▸ **Short descriptive text snippets**
──────────

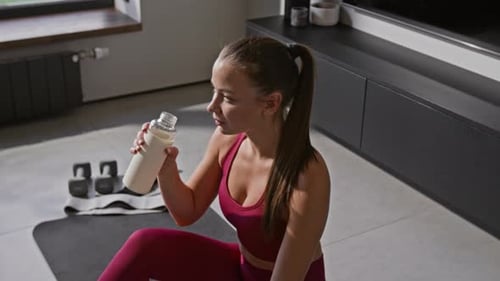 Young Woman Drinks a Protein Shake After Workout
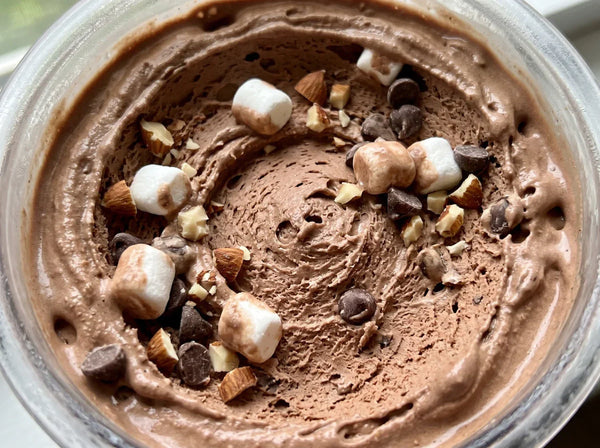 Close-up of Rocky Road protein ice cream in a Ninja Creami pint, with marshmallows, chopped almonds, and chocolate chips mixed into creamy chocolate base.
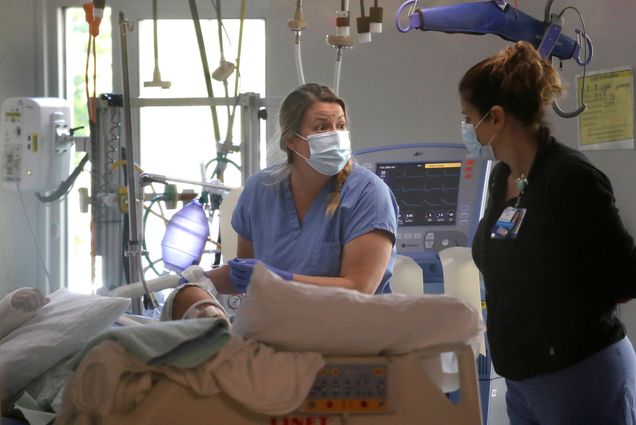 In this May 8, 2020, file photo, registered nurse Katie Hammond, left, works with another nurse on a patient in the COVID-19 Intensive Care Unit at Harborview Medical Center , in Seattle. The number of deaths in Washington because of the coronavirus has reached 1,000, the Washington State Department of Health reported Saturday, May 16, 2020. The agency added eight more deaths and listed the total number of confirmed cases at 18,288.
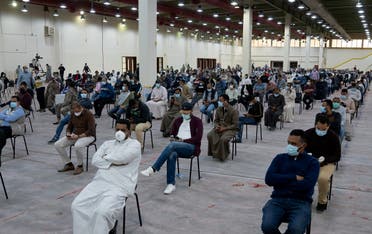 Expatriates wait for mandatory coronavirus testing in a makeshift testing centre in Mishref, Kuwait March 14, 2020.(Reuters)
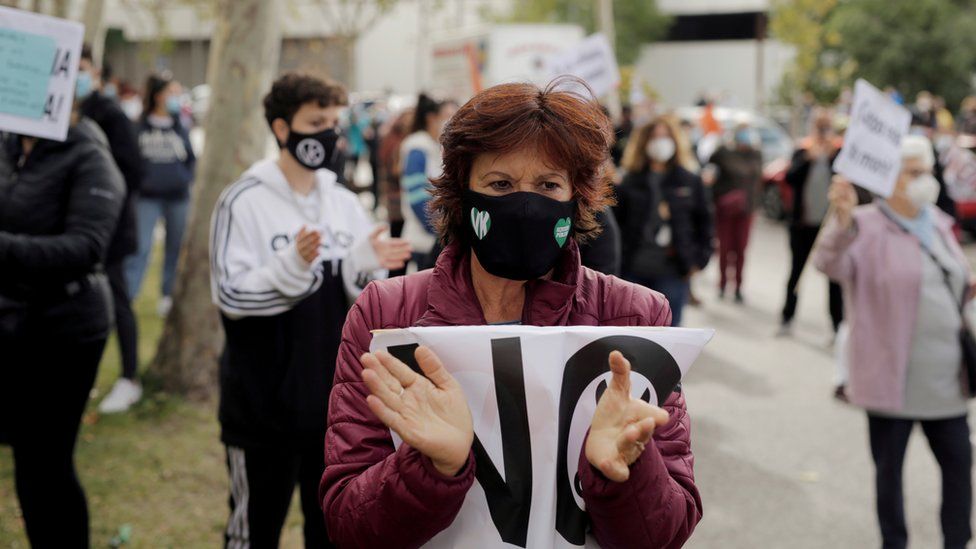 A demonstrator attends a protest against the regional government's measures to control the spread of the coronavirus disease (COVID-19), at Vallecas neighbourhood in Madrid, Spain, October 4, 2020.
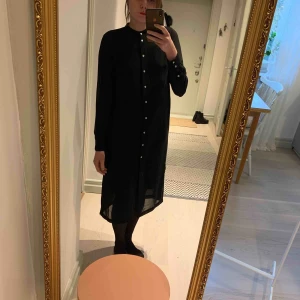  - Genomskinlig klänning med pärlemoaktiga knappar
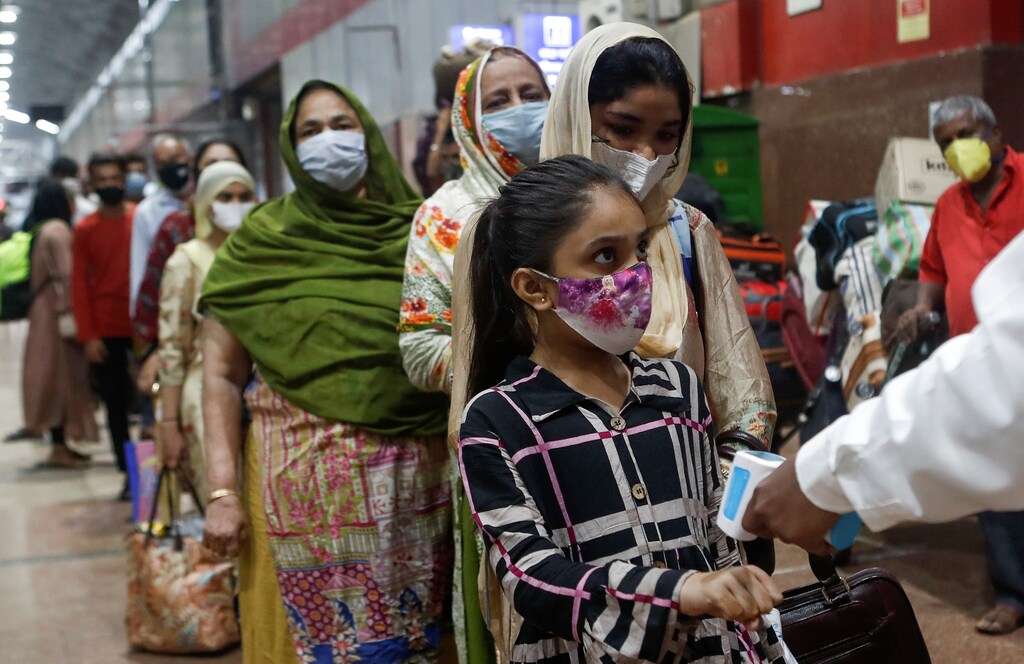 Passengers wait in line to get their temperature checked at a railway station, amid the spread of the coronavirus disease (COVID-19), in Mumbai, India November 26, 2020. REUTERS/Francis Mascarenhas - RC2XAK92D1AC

──────────

▸ **Exercise brief**
Please return every record above exactly, but leave out the pictures.

▸ **Solution for this task**
 Young Woman Drinks a Protein Shake After Workout
 Close-up of Rocky Road protein ice cream in a Ninja Creami pint, with marshmallows, chopped almonds, and chocolate chips mixed into creamy chocolate base.
 In this May 8, 2020, file photo, registered nurse Katie Hammond, left, works with another nurse on a patient in the COVID-19 Intensive Care Unit at Harborview Medical Center , in Seattle. The number of deaths in Washington because of the coronavirus has reached 1,000, the Washington State Department of Health reported Saturday, May 16, 2020. The agency added eight more deaths and listed the total number of confirmed cases at 18,288.
 Expatriates wait for mandatory coronavirus testing in a makeshift testing centre in Mishref, Kuwait March 14, 2020.(Reuters)
 A demonstrator attends a protest against the regional government's measures to control the spread of the coronavirus disease (COVID-19), at Vallecas neighbourhood in Madrid, Spain, October 4, 2020.
  - Genomskinlig klänning med pärlemoaktiga knappar
 Passengers wait in line to get their temperature checked at a railway station, amid the spread of the coronavirus disease (COVID-19), in Mumbai, India November 26, 2020. REUTERS/Francis Mascarenhas - RC2XAK92D1AC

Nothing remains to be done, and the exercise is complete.